1. **Backing up live pier**: Corrupts event log (always stop first)
2. **No offsite backups**: Single point of failure
3. **Untested restorations**: Backups may be invalid if from a previous networking state
4. **Storing keyfile after boot**: Security risk, useless
5. **No master ticket backup**: Cannot factory reset planet without private keys
6. **Insufficient retention**: Can't recover from discovered corruption
7. **No monitoring**: Backup failures go unnoticed
8. **Weak access controls**: Backup credentials compromised
9. **No documentation**: Recovery delayed, errors made
10. **No testing**: Recovery procedures fail when needed

## Reference

- Urbit backup guide: https://docs.urbit.org/manual/os/ship-troubleshooting
- AWS S3 CLI: https://docs.aws.amazon.com/cli/latest/userguide/cli-services-s3.html
- Backblaze B2: https://www.backblaze.com/b2/docs/

## Summary

URBIT'S BACKUP AND RECOVERY STORY IS STILL NASCENT. BECAUSE OF URBIT'S STATEFUL NETWORKING AND NATURE AS A DETERMINISTIC OPERATING FUNCTION, BACKUP AND RECOVERY IS NOT AS SIMPLE AS KEEPING ADDITIONAL OLD COPIES OF YOUR URBIT PIER AND REBOOTING FROM AN OLDER STATE. REBOOTING FROM AN OLDER STATE SHOULD ONLY BE DONE WITH AMES NETWORKING DISABLED. Effective Urbit backup requires stopping ships before backup (never backup live piers), implementing 3-2-1 rule (3 copies, 2 media types, 1 offsite), automated scheduling (weekly via cron), backup verification (tar integrity check), and quarterly restoration testing.

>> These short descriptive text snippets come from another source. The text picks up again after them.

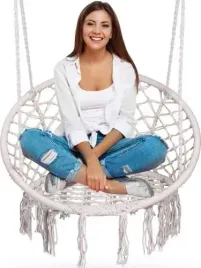 fotel-wiszacy-hustawka-ogrodowa-bocianie-gniazdo-kokon-szary-tarasowy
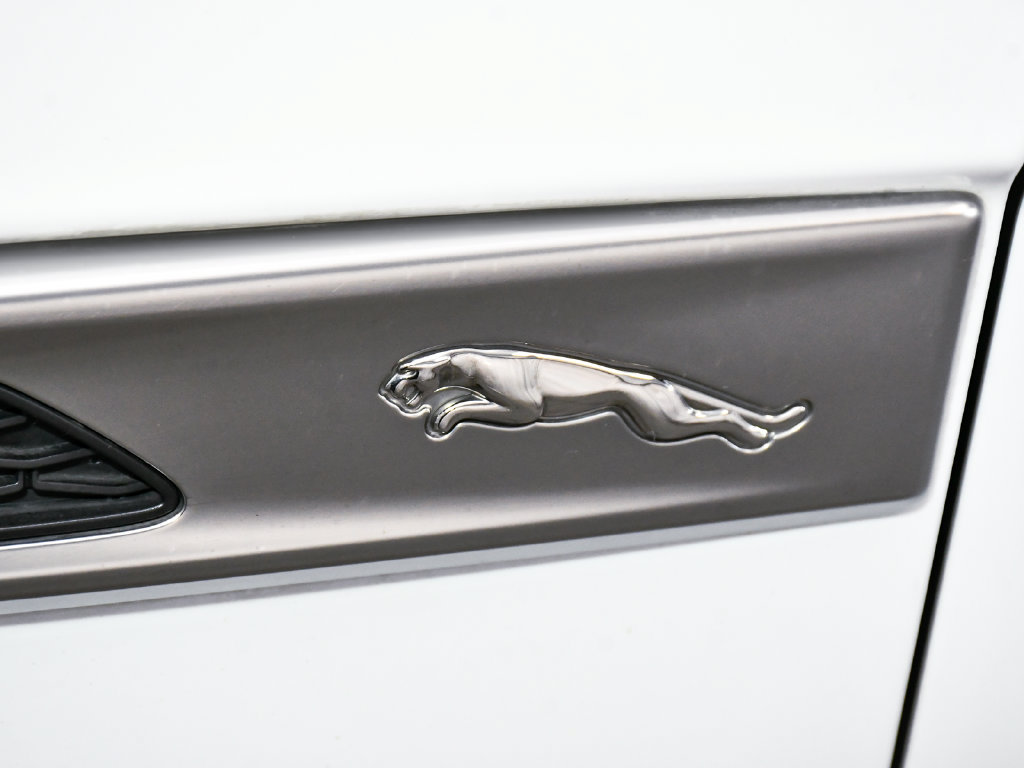 Used 2022 Jaguar F-PACE S AWD/4WD image 86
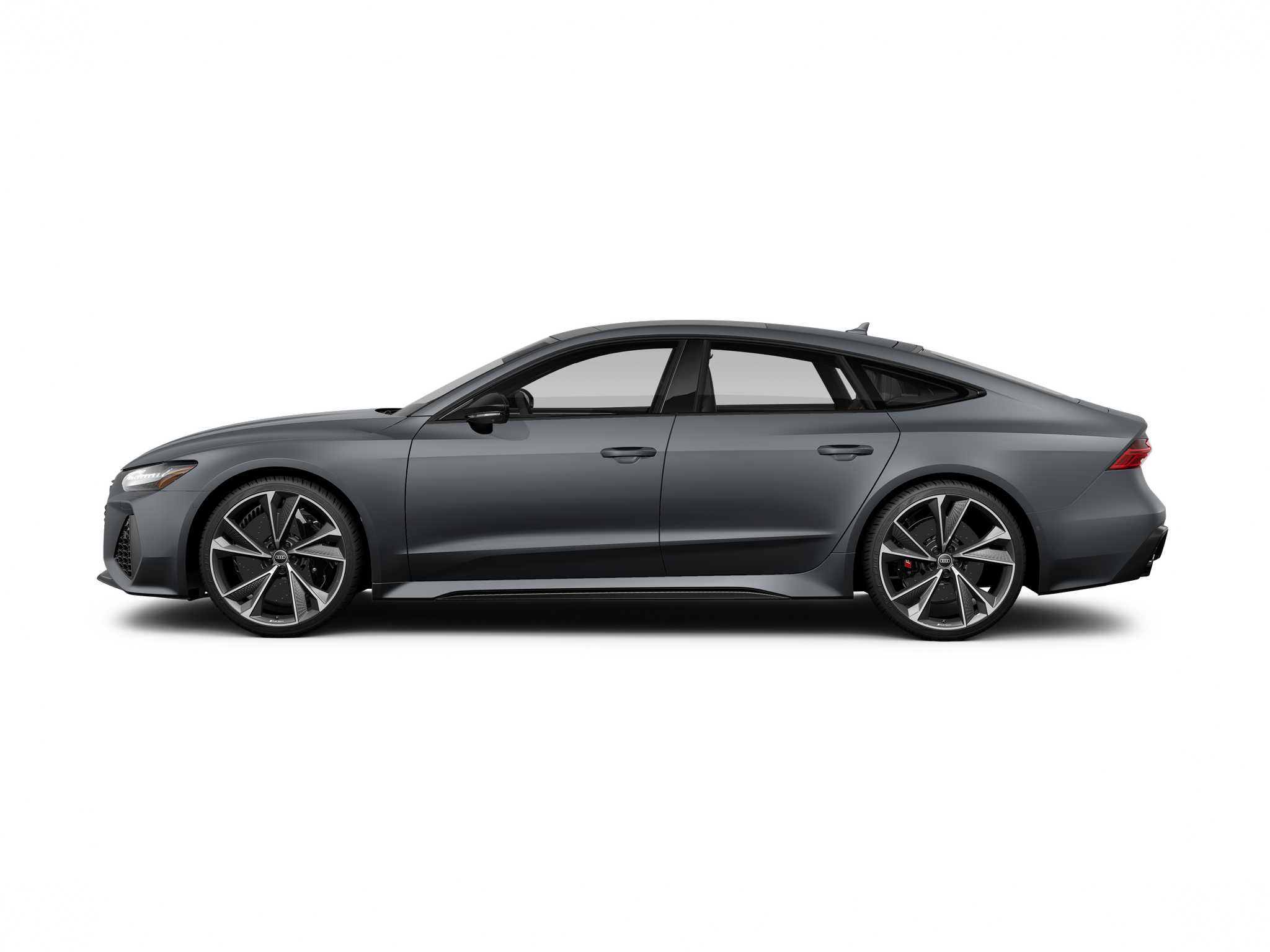 2023 Audi RS7 Sportback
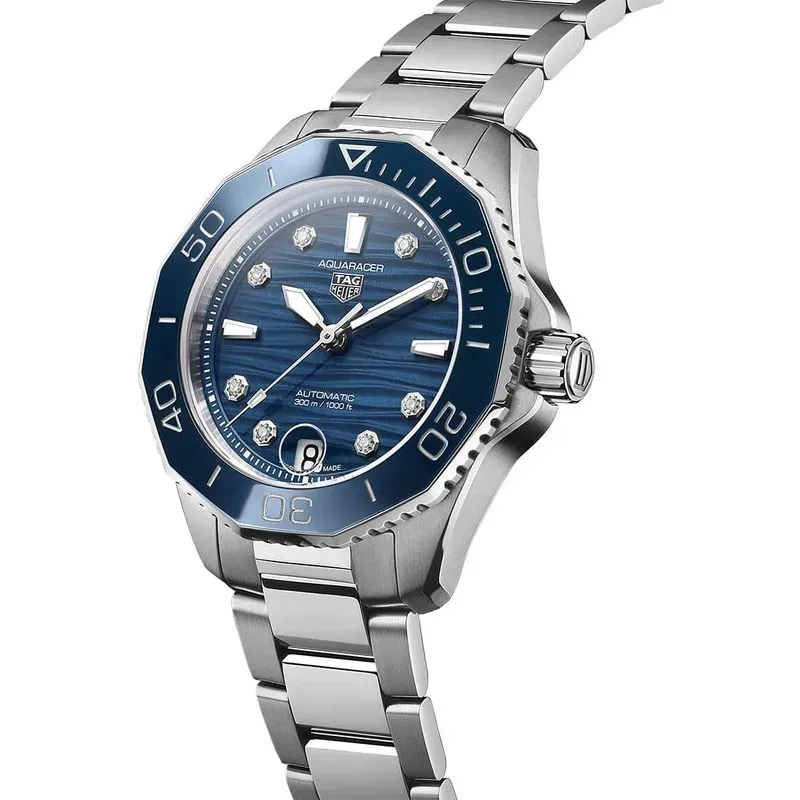 TAG-Heuer-Aquaracer-Professional-300-Date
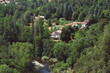 village cévenol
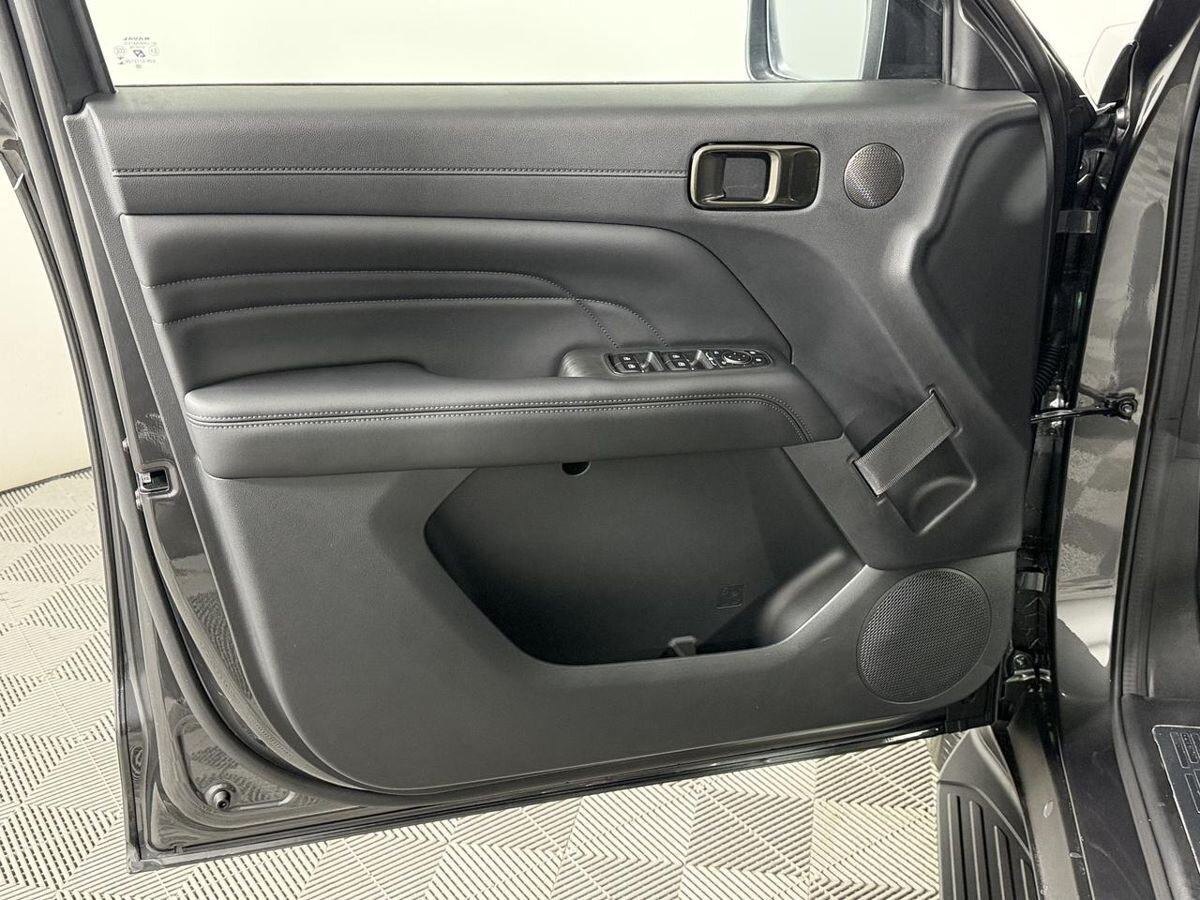 Haval H9 II, Лунный Базальт, 4599000 рублей, вид 9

Recovery procedures vary by disaster scenario (hardware failure, pier corruption, keyfile loss, comet loss) with defined RTO/RPO targets. Master tickets must be stored securely offline for planet recovery. GroundSeg deployments require multi-ship backup orchestration. Document all procedures, monitor backup success, and test restorations regularly.